This document describes the C# language features currently featured in the March CTP. There's also discussion of a few of the VB features in the preview, where those are intended to be eventually implemented in C# as well.
Note that we have more language features planned that are not yet implemented. So look out for more to come in future CTPs and eventually a shipping version of C#.
You can now add an initializer to an auto-property, just as you can a field:
public class Customer
{
public string First { get; set; } = "Jane";
public string Last { get; set; } = "Doe";
}
The initializer directly initializes the backing field; it doesn't work through the setter of the auto-property. For this reason it now makes sense to have auto-properties without setters:
public class Customer
{
public string First { get; } = "Jane";
public string Last { get; } = "Doe";
}
Getter-only auto-props are allowed as long as there's an initializer. Otherwise it would never be able to contain any other value than the default value of the type.
Just like field initializers, auto-property initializers cannot reference 'this' - after all they are executed before the object is properly initialized. This would mean that there aren't a whole lot of interesting choices for what to initialize the auto-properties to. Especially getter-only auto-properties would seem kind of useless if they couldn't somehow acquire values passed in to constructors of the object. However, primary constructors change that. Auto-property initializers and primary constructors thus enhance each other.
Primary constructors allow constructor parameters to be declared directly on the class or struct, without an explicit constructor declaration in the body of the type declaration. These parameters are in scope as simple names for initialization throughout the whole class declaration.

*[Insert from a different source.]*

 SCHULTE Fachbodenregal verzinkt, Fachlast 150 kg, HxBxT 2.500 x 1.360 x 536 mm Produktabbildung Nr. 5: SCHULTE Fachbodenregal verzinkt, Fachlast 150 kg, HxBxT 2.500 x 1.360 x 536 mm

Note: We changed the design, and the following describes the new design. However, the changes didn't make it in in time for the preview build, so you'll still see the old semantics: parameters are captured implicitly and there is no syntax for explicit capture.
Here's an example of a class with a primary constructor:
public class Customer(string first, string last)
{
public string First { get; } = first;
public string Last { get; } = last;
}
Achieving the same effect without primary constructors would have required private fields to hold the values of first and last, an explicit constructor to initialize them, and a getter body in First and Last to expose them:
public class Customer
{
private string first;
private string last;
public Customer(string first, string last)
{
this.first = first;
this.last = last;
}
public string First { get { return first; } }
public string Last { get { return last; } }
}
Just to give you a sense of how much boilerplate this saves, I've highlighted the unnecessary chunks that are removed by the use of primary constructor and initialized getter-only auto-properties.
This is about expressing types more concisely, but note that it also removes an important difference in the language between mutable and immutable types: auto-properties were a shorthand available only if you were willing to make your class mutable, and so the temptation to default to that was great. Now, with getter-only auto-properties, the playing field has been leveled between mutable and immutable.
There is currently no way to specify an explicit constructor body for a primary constructor. We didn't land on a good syntax for this, and are not sure how important it is, since most of constructor bodies are usually initialization anyway. However, many have brought up constructor argument validation as something you'd often want to express. What do you think?
Note: Field parameters don't work in the current prototype.
By default, a primary constructor parameter is only around at initialization time. Function members such as properties and methods cannot refer to it, because by the time they are called, the object has been constructed and the parameter is gone.
We considered (and experimented with) letting parameters be implicitly "captured" into compiler generated private fields if they were used after construction, but that lead to wasteful and buggy code where parameters were too often unintentionally captured into fields.
Of course you can declare your own private field and initialize it with a parameter:
public class Customer(string first, string last, DateTime bday)
{
public string First { get; } = first;
public string Last { get; } = last;
private DateTime \_bday = bday;
}
Unfortunately the private field wouldn't be able to use the same name as the parameter, and needs an alternative name, e.g. with an underbar in front.
To avoid this, we give you syntax to explicitly capture primary constructor parameters into fields:
public class Customer(string first, string last, private DateTime bday)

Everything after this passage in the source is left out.